Task brief:
The expected answer is every line from the material below that has the word "Waves".
-- Excerpted records follows --
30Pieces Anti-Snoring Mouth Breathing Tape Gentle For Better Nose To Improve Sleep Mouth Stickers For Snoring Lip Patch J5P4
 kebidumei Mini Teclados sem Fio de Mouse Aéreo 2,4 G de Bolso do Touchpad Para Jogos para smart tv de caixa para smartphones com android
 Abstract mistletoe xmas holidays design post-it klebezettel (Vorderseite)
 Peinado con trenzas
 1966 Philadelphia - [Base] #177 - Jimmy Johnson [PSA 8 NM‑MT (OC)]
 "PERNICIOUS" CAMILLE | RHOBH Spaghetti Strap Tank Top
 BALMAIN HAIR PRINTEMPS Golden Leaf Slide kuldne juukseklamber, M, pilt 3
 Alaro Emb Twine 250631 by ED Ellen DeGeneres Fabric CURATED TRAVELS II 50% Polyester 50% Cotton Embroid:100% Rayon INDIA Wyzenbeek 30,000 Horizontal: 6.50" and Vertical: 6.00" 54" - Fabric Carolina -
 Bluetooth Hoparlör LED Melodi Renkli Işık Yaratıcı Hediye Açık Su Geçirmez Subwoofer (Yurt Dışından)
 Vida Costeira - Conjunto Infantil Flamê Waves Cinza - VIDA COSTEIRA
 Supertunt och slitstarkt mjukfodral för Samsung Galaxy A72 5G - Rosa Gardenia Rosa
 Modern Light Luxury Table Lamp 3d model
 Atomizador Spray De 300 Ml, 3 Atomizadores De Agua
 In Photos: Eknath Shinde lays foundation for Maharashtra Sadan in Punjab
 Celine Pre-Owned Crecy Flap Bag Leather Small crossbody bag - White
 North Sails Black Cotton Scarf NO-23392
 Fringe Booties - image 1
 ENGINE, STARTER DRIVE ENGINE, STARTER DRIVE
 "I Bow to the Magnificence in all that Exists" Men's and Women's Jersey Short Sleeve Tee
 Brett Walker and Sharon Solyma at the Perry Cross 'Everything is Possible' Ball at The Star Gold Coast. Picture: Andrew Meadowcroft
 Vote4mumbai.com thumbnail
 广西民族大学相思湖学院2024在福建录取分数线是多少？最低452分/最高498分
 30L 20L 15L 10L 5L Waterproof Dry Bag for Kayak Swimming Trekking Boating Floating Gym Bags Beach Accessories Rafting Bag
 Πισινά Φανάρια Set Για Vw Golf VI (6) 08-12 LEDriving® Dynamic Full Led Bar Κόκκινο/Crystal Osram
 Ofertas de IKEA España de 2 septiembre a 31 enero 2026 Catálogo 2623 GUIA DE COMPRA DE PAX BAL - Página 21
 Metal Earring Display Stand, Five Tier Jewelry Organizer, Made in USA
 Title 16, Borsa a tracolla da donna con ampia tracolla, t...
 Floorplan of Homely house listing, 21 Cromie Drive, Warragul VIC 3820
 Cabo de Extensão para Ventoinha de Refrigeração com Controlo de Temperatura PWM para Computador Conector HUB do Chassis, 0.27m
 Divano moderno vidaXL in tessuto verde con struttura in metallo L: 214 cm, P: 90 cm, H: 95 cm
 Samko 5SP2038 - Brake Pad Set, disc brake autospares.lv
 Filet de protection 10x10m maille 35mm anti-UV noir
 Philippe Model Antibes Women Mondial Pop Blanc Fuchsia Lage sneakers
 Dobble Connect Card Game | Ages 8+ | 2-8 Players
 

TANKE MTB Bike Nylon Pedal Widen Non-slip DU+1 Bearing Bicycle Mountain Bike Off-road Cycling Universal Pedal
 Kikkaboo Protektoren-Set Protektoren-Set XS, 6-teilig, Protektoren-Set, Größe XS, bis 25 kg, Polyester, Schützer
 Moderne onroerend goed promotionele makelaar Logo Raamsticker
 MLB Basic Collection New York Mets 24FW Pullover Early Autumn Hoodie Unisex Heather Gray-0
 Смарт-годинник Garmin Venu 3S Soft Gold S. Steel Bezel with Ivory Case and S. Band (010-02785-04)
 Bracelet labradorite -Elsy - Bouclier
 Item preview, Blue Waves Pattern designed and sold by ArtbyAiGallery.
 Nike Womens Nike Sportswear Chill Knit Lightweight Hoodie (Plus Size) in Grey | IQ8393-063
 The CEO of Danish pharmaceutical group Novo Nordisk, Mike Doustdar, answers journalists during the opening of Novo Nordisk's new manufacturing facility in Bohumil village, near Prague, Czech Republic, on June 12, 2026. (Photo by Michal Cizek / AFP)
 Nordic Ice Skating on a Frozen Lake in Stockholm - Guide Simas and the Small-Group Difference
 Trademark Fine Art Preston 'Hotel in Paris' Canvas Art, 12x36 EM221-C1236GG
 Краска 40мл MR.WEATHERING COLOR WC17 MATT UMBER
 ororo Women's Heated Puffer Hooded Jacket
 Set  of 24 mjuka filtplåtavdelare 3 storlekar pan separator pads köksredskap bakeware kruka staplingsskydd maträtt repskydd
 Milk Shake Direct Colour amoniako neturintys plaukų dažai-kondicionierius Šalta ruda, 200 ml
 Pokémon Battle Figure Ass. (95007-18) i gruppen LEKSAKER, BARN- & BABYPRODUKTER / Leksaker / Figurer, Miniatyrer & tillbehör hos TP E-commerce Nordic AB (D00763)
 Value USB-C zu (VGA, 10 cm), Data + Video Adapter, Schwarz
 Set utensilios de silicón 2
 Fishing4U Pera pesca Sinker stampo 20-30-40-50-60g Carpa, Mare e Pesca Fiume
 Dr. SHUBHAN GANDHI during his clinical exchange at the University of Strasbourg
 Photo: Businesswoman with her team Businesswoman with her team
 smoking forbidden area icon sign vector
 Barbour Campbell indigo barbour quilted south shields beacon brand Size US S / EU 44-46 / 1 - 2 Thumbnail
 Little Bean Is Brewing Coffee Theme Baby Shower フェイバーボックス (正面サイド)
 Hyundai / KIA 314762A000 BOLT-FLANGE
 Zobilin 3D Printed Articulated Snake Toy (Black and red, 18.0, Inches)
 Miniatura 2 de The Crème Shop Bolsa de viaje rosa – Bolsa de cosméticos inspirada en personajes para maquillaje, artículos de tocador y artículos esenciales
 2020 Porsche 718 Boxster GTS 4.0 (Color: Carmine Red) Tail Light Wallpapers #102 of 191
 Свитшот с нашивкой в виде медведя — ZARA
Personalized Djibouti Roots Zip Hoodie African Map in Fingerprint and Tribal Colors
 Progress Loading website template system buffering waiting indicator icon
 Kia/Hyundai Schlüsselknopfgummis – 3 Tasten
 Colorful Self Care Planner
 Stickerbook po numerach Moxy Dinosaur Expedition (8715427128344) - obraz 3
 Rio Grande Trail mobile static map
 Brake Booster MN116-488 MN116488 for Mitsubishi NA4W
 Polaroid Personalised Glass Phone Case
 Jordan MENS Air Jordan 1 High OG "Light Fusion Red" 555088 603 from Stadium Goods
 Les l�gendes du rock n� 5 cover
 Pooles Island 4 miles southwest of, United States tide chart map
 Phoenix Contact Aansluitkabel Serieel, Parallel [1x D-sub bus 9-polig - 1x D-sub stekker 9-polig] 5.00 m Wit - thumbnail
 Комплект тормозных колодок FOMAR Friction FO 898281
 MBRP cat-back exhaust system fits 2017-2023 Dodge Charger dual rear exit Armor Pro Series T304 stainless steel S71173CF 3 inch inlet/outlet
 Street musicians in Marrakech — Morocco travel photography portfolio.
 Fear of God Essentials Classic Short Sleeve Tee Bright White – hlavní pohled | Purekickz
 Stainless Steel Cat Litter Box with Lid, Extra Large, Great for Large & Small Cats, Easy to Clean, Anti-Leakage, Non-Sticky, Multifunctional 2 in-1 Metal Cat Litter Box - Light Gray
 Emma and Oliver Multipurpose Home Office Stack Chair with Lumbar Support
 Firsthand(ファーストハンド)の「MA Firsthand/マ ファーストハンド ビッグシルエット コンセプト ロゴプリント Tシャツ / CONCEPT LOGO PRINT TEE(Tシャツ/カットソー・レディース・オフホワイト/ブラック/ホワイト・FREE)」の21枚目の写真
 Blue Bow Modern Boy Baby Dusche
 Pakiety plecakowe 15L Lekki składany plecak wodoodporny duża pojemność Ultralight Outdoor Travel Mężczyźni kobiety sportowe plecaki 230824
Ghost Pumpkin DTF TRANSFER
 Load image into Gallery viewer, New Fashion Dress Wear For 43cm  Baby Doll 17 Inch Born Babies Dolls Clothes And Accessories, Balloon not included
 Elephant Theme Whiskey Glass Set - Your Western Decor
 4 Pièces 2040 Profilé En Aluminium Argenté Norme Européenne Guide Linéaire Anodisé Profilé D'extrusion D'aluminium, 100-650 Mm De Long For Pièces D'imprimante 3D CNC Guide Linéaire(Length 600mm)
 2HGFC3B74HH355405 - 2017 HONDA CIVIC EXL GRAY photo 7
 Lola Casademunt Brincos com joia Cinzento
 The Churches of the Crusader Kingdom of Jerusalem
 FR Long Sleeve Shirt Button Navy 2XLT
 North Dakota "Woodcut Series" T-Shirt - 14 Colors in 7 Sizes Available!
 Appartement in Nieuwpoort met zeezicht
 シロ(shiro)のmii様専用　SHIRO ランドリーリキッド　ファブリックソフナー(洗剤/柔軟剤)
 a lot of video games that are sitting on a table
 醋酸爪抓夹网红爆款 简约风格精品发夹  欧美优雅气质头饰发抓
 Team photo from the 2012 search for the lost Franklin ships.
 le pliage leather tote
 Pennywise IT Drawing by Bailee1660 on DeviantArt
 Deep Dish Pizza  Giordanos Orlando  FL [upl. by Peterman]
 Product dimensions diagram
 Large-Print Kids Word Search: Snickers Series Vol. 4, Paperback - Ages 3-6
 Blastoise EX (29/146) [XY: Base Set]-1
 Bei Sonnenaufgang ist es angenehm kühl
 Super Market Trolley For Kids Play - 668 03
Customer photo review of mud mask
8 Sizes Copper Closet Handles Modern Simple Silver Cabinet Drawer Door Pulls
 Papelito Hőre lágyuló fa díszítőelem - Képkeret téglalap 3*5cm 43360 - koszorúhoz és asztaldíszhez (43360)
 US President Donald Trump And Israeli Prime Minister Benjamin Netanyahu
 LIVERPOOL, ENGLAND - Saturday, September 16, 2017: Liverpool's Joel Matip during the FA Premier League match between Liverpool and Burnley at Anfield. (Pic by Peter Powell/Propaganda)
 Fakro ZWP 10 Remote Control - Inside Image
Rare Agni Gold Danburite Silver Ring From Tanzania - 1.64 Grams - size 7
-- Excerpted records concluded --
Answer to this exercise:
 Vida Costeira - Conjunto Infantil Flamê Waves Cinza - VIDA COSTEIRA
 Item preview, Blue Waves Pattern designed and sold by ArtbyAiGallery.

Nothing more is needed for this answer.